What might a biomarker predict? It might give a quantitative level of how sleepy someone is, how long the person would sleep if allowed to go to bed, how much behavioral measures of performance will be lowered. It might have other uses in the diagnosis of sleep disorders. Insomnia is often of unknown cause and a reliable biomarker might help figure out what is producing disorders and untangling them from other morbidities.
An ideal biomarker would
- Change in level as subjective sleep propensity changes
- Affect sleep time and/or structure when given to the person from outside the body
- Affect disease states, e.g., infection, associated with altered sleep also change levels of the marker;
In other words, the biomarker would indicate history, necessity, or dysfunction of sleep.
But there does not appear to be a biomarker, or if there is one, it is elusive. There are many biochemicals and neurochemicals involved in sleep and the circadian cycles, so any realistic biomarker may be a combination of several chemicals.
The biochemistry of sleep is not understood – even for scientists sleep is something of a mystery – but over the decades sleep-regulatory substances have been identified. Often abbreviated SRSs in the medical literature, these would seem obvious candidates for biomarkers. Alternatively, other chemicals produced by metabolism or otherwise downstream of the SRSs in the brain could be biomarkers. There are an estimated 20,000 different proteins in blood serum.
The IL1 and TNF cytokines are involved with NREM regulation and indeed some of the symptoms of sleep loss (e.g. diminished cognitive abilities and enhanced sensitivity to pain) can be induced by injecting a person with those cytokines. The energy molecule adenosine triphosphate (ATP) in the body’s fluids (outside the cell walls) plays a part in release of IL1 and TNF, and these biochemicals work on neurotransmitters that do not always make it outside the brain in any quantity. Scientists have even been able to include cortical columns in animal brains to flip into a sleep state with local micro-injection of TNF can flip a column into a sleep state. The problem with these are viable biomarkers is that sleep is an emergent property that flips when enough coritcal columns in the brain go to sleep. At any time during the day or night, some columns will be “asleep” and some will be “awake”. So these chemicals in the blood are not precise enough to identify whether the person is asleep or even sleepy.
As we have noted elsewhere on Tuck, there is a difference between sleepiness and sleep deficiency. A useful hypothetical biomarker may be distinguish between the two.

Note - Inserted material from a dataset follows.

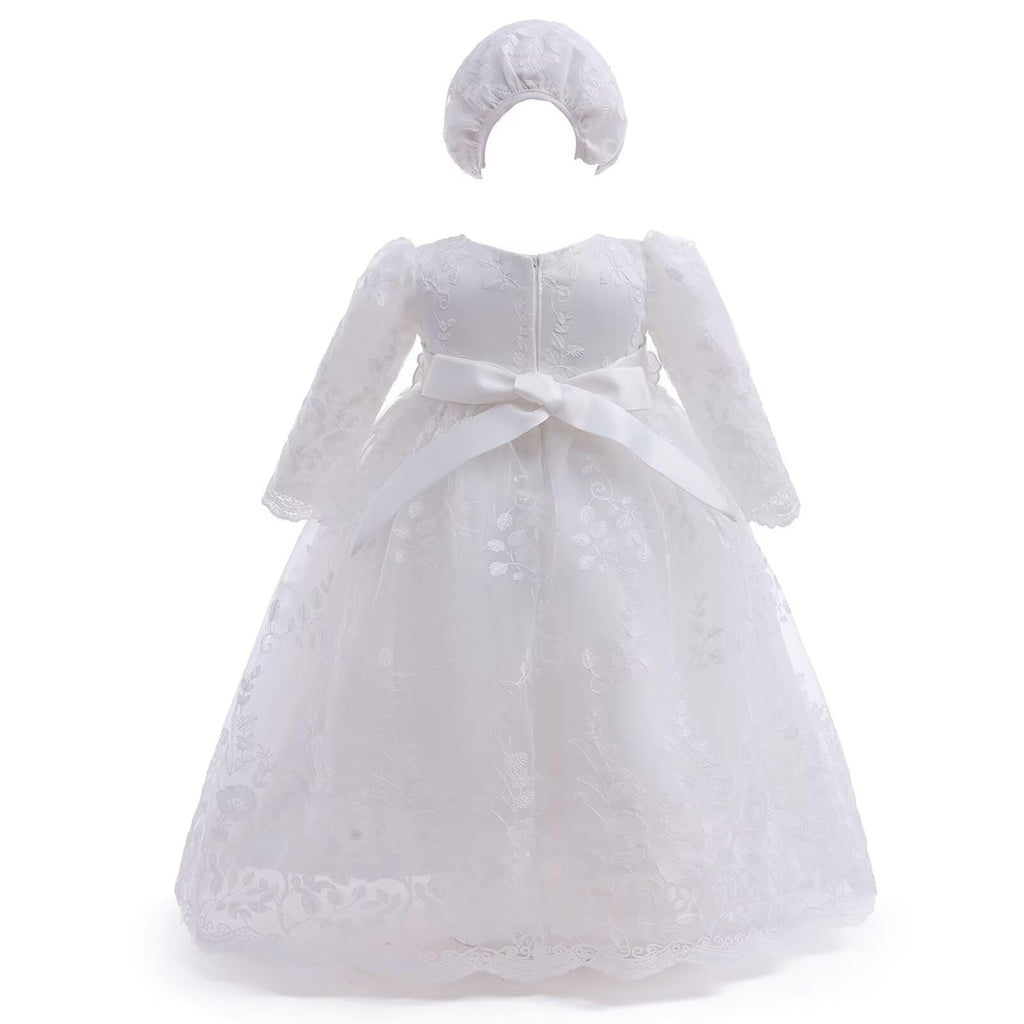 Baby Girl Christening Baptism Dress Long Blessing Gowns White Wedding Dresses (, White 1)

If a humoral biomarker could be found, it could help diagnosis of sleep disorders and may give a clearer picture of insomnia as a public health problem. One reason drowsy driving is such a troubling public safety problem is that police and prosecutors have a hard time proving the driver was sleepy behind the wheel. Drunk driving can be prosecuted because tests can indicate blood alcohol level, and indeed, the laws are written to make a certain blood alcohol level actionable by police. The blood alcohol level is actually a biomarker. If there were something like this for sleepiness that did not disappear from the body when the police car lights appear in the rear view mirror, that could be useful in helping police arrest or ticket drowsy drivers.

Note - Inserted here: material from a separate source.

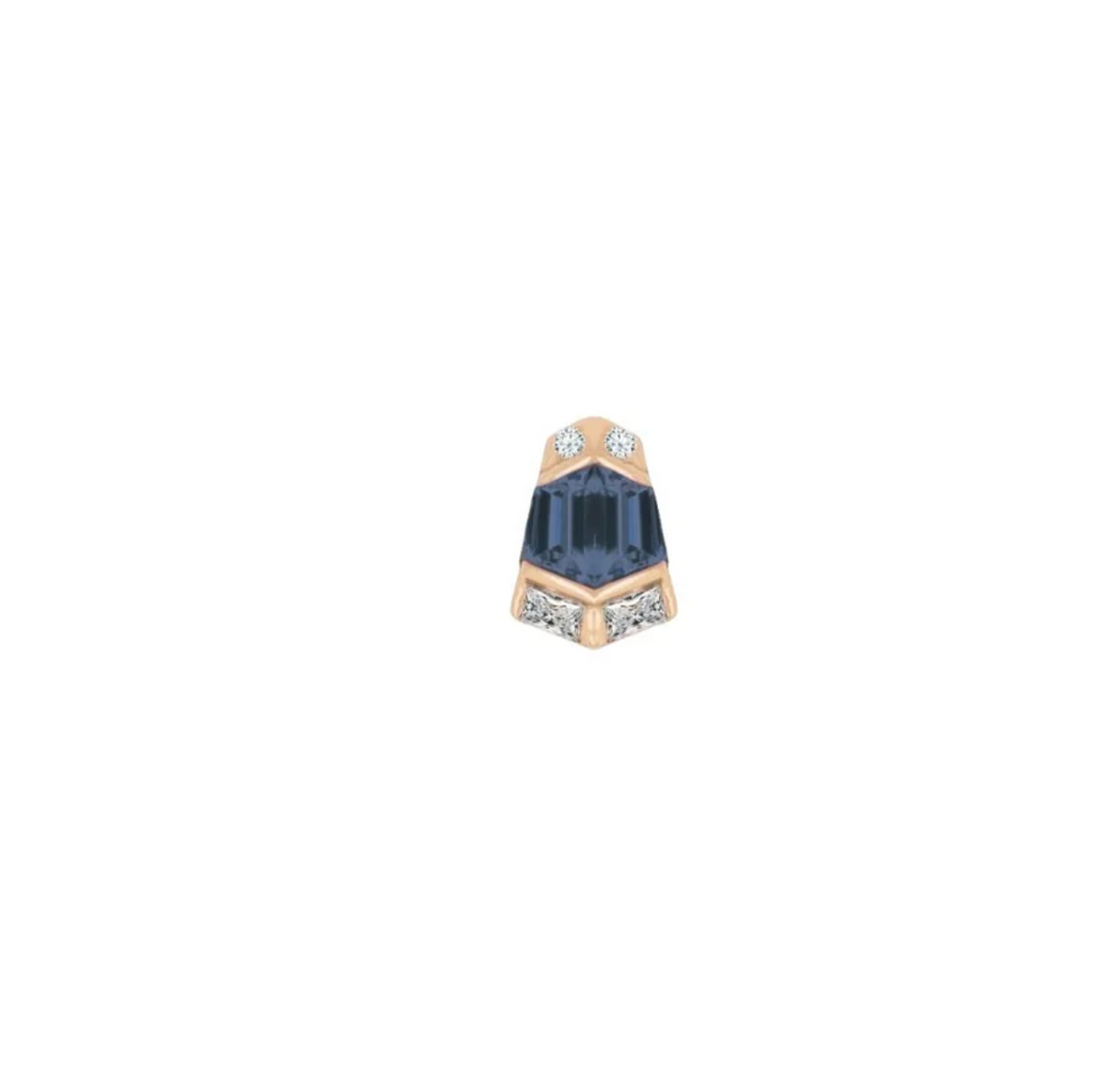 Buddha Jewelry 14k Gold "Vera" london blue topaz threadless in rose gold stock image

So far, no biomarker has been identified that is useful in diagnosis or treatment of sleep disorders. Although many neurochemicals and biological indicators are associated with aspects of sleep, every one has other functions in the body not related to sleep – you can call these pleiotropic factors – and is not specific enough to act as a biomarker.
If a biomarker is established it appears it will be a combination of several biochemicals and possibly other physiological indications.